Background


Consider this scenario: you’re writing a simple program that rotates a servo a certain number of degrees (maybe to actuate an arm). You don’t know exactly how many degrees it will be exactly, so you initially guess 90°. You hard code the value.

So you test it out, aaaaand… crap. It was too much! You change it to 80° and try again.

Now it’s too little! Ok, so it’s somewhere in between, 85° maybe? You try this again and again until you hone in on the perfect value, which turns out to be 83.5°. You finally got the right value, but guessing and checking was tedious.

Sound familiar?

Developing software for dynamic configuration is often ignored due to the short-term cost. However, the accumulated time-savings far outweigh initial development time.

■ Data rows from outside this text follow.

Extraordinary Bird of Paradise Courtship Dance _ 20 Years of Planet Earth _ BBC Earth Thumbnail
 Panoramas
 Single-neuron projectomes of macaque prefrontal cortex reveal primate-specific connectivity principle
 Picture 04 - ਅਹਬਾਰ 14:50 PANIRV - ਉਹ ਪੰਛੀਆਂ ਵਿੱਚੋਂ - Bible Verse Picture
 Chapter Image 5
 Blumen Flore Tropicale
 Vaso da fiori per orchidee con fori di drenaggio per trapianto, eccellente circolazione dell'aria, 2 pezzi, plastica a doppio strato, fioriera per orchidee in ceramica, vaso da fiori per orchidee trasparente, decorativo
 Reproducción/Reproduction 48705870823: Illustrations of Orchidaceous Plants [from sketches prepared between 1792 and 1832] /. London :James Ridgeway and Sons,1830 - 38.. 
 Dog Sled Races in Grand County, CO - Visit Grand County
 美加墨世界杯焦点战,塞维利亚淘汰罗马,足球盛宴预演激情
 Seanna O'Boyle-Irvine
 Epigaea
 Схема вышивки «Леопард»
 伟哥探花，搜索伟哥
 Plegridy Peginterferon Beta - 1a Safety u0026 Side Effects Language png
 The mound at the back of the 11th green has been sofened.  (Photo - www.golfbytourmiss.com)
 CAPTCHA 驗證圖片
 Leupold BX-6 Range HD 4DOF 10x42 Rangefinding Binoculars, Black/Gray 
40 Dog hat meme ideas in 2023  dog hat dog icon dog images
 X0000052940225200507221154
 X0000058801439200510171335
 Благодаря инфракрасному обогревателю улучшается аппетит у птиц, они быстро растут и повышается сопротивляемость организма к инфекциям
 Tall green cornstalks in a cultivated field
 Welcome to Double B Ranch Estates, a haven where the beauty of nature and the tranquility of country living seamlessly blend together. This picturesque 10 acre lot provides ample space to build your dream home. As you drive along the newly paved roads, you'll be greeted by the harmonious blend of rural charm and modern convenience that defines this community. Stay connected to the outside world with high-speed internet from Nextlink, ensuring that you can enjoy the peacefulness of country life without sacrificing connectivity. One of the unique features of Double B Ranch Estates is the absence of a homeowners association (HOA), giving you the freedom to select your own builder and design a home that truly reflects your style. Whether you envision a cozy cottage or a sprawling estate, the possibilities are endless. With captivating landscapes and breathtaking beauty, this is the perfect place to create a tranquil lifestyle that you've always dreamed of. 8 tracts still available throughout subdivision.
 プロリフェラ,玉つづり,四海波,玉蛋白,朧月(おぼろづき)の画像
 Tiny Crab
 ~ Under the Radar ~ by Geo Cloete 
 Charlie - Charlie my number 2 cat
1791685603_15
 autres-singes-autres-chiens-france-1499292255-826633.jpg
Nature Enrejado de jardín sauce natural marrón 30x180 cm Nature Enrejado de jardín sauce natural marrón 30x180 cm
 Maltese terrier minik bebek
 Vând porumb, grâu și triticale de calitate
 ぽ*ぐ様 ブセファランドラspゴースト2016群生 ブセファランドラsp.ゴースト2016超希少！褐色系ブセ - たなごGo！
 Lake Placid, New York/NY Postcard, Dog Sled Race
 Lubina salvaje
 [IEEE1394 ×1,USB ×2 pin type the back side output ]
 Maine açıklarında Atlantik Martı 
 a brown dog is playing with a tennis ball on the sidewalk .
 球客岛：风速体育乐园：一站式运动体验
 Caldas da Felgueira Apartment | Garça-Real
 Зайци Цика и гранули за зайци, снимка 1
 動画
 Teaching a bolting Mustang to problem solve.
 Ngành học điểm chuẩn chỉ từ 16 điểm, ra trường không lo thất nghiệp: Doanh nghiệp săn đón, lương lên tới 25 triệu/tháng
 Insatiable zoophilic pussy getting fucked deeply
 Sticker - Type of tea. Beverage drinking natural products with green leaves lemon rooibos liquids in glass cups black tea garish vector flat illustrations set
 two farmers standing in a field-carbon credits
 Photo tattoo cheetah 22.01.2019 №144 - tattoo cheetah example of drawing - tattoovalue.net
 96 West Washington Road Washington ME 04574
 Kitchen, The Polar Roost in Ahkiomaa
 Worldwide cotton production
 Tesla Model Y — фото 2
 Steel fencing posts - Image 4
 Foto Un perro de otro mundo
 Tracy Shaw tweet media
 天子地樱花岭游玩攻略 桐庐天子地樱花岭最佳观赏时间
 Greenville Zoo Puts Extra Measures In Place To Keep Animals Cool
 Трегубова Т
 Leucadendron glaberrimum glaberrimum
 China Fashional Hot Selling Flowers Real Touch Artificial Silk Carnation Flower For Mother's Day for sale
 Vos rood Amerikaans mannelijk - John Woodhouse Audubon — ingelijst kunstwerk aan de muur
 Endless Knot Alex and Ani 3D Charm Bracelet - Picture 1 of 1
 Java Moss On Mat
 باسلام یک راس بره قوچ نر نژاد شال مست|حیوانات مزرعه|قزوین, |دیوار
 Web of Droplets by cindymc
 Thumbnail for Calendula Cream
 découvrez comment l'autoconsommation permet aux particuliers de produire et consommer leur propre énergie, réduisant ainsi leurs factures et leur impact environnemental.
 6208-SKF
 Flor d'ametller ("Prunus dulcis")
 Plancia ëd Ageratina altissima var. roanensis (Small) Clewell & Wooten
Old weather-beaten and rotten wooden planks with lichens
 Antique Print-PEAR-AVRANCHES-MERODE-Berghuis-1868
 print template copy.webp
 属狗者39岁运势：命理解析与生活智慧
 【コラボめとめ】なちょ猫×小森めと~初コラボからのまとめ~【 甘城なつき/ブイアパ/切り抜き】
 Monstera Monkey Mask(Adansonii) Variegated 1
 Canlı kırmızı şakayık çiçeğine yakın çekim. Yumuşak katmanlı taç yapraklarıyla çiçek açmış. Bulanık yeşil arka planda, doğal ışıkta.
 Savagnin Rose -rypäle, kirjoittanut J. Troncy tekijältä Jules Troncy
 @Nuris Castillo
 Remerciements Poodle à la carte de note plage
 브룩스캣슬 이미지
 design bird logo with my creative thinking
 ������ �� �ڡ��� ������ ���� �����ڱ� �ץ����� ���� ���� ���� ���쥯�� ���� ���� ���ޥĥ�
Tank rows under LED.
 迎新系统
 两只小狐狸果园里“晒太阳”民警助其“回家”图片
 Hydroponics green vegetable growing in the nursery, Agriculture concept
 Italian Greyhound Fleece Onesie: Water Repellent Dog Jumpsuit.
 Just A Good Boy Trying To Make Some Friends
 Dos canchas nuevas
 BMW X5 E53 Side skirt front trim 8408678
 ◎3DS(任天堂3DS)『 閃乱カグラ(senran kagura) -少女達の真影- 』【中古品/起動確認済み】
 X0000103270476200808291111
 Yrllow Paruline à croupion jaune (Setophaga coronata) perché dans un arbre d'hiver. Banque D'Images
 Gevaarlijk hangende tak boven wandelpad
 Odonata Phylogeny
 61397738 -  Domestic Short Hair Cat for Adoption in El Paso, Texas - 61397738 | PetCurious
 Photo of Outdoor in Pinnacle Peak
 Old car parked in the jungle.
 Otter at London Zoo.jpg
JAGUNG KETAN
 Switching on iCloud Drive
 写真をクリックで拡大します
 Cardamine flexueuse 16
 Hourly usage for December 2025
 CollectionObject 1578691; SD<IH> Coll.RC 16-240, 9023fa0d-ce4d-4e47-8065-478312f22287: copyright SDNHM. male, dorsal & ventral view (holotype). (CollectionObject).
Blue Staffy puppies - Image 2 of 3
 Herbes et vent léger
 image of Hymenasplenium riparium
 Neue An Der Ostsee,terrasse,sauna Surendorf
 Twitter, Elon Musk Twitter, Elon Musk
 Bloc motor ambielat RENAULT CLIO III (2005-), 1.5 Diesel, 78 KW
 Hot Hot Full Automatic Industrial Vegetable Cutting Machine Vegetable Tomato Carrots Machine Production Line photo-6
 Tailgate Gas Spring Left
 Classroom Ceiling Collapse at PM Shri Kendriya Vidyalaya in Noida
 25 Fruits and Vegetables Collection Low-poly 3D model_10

Characterizing the Problem

When building robots, parameters in the software will have to be tested against reality and tweaked on the fly. However, when parameters are hard coded, making changes is not easy. One has to:

  1. Locate the parameter(s)

  2. Make the change(s)

  3. Re-build and deploy to the robot

One strategy to make the first step easier is to use a Constants.java file containing all parameters with the modifiers static final. Those parameters are then used in a fashion just like global variables. This strategy has some drawbacks though. It leads to deeply nested namespaces, large files, and it does not take advantage of compartmentalization.

Worst of all, any changes require re-deployment! Even making one or two small changes will mean time wasted waiting for code to re-build and then upload to your robot. We need a more efficient strategy!

One could object:

“We already have a more efficient strategy, we can tweak variables live with Shuffleboard!

It’s not that tweaking live is not useful; it has its place. But there is a cost to the extra flexibility, and that cost is computational bandwidth. Such flexibility should be stringently reserved.

The goal is to increase flexibility without sacrificing bandwidth.


Parameterization

Observe that Constants.java contains values initialized once and only once: during program startup. We can move these values into configuration files.

Important

When we use configuration files, the software does not need to be recompiled! This means we don’t have to re-deploy code.

Hard Coded

Dynamic

After the parameters are moved out of the program into a configuration file, making updates is simpler. All one has to do is upload the configuration files to the target and restart the robot program.